*Exercise brief*
A word-for-word copy of the following listing is needed. Leave out its images.

== Input data ==

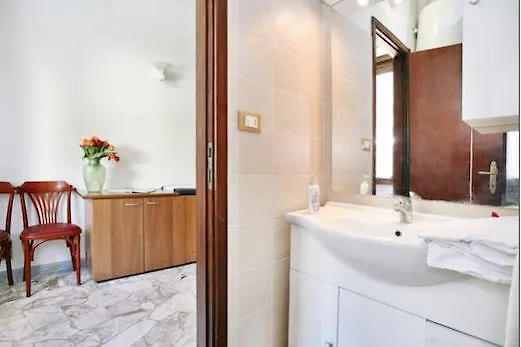 Caduti Di Cefalonia Apartment Florence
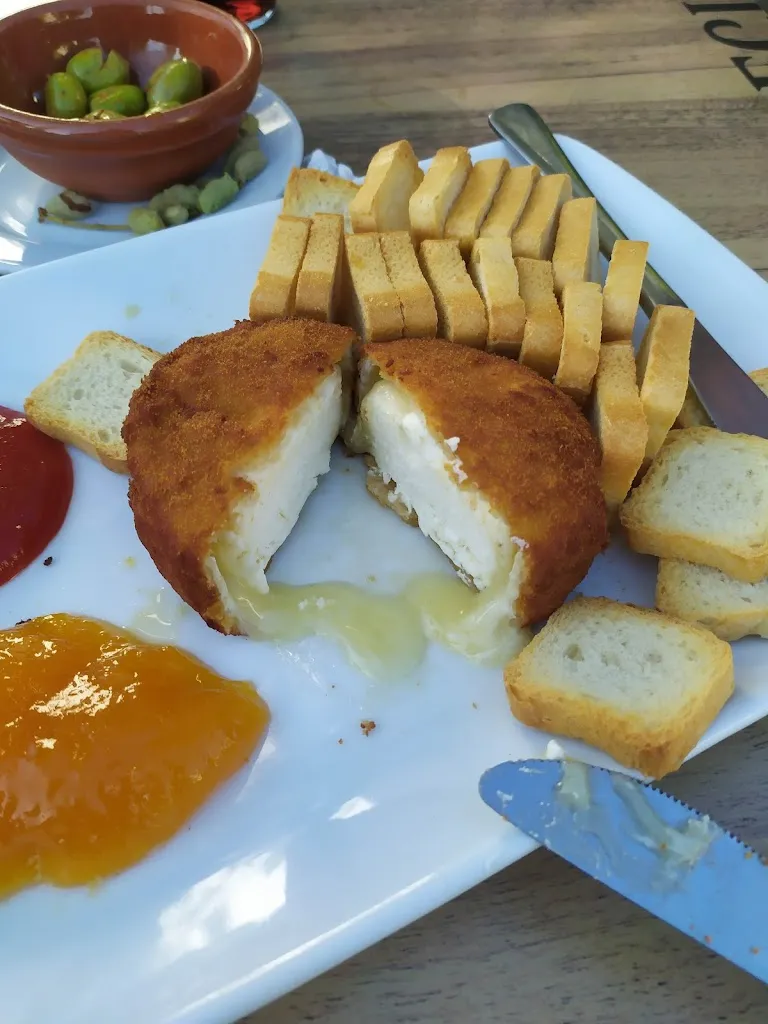 Anicla López_Mesón Los Olivares_Bornos_review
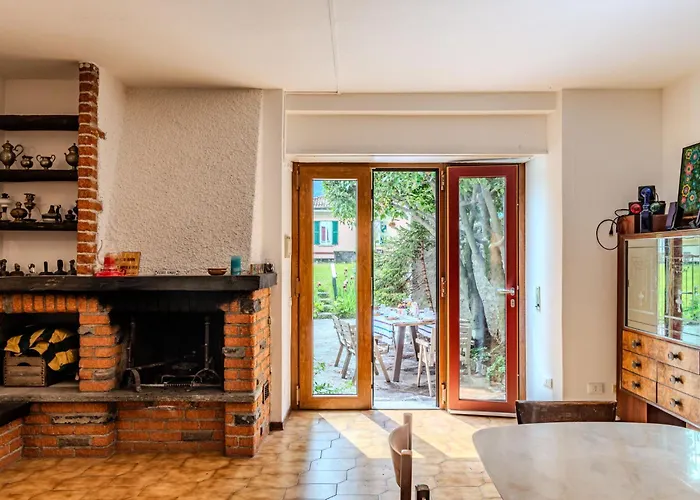 Regina 29 By Interhome *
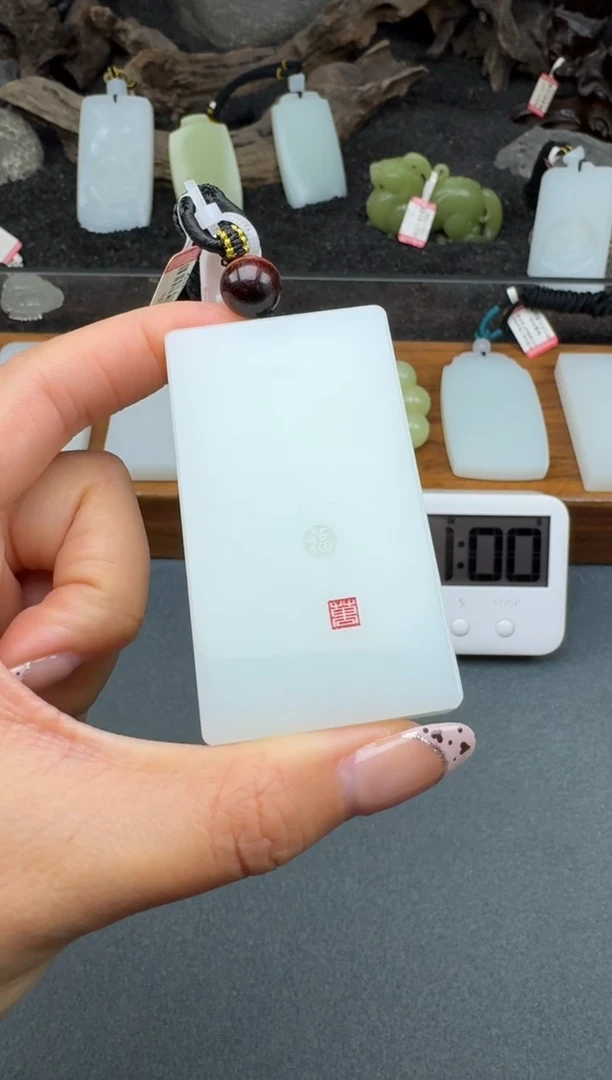 颈饰未镶嵌和田玉閒*3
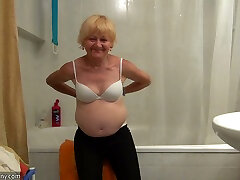 Chubby blonde gora snd kuta hd in the bathroom flashing nude on cam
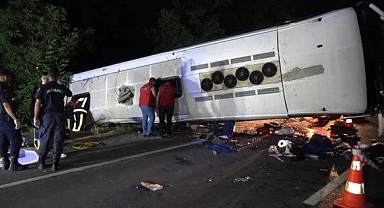 Denizli'de facia! Bariyeri aşan TIR, karşı şeritte otobüsü çarptı 6 kişi öldü 43 kişi yaralandı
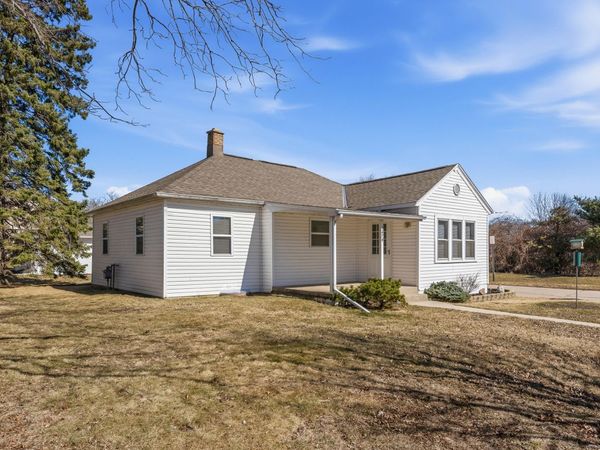 3474 E Sivyer Ave, Saint Francis, WI 53235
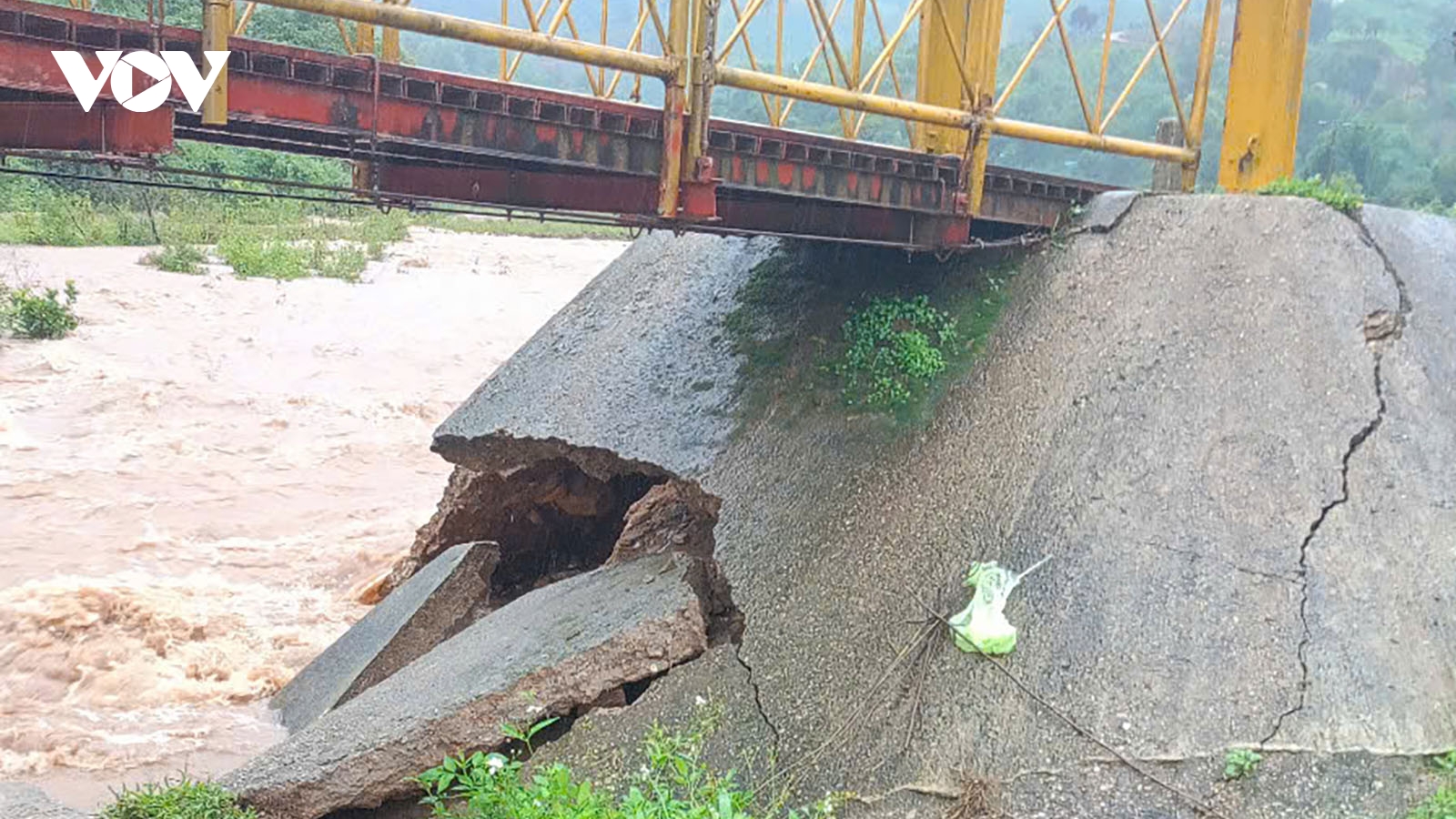 Mưa lớn gây sạt lở ở vùng cao Kon Tum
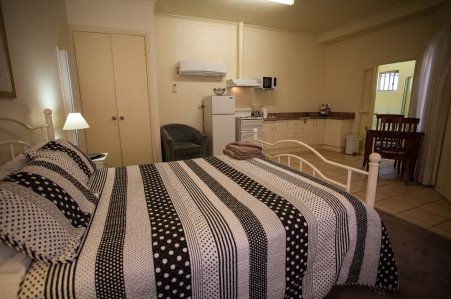 Millies Guesthouse & Serviced Apartments - Whitsundays Accommodation 5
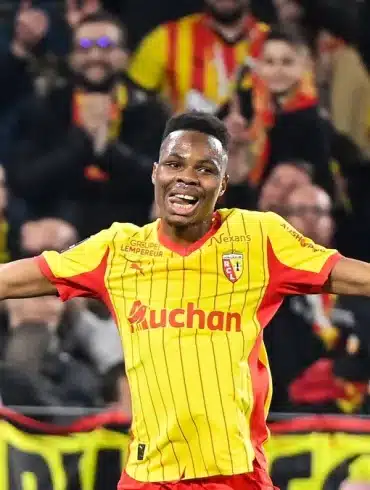 Mamadou Sangaré remporte le prix Marc-Vivien Foé 2026 avec le RC Lens.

===

*Answer space*
 Caduti Di Cefalonia Apartment Florence
 Anicla López_Mesón Los Olivares_Bornos_review
 Regina 29 By Interhome *
 颈饰未镶嵌和田玉閒*3
 Chubby blonde gora snd kuta hd in the bathroom flashing nude on cam
 Denizli'de facia! Bariyeri aşan TIR, karşı şeritte otobüsü çarptı 6 kişi öldü 43 kişi yaralandı
 3474 E Sivyer Ave, Saint Francis, WI 53235
 Mưa lớn gây sạt lở ở vùng cao Kon Tum
 Millies Guesthouse & Serviced Apartments - Whitsundays Accommodation 5
 Mamadou Sangaré remporte le prix Marc-Vivien Foé 2026 avec le RC Lens.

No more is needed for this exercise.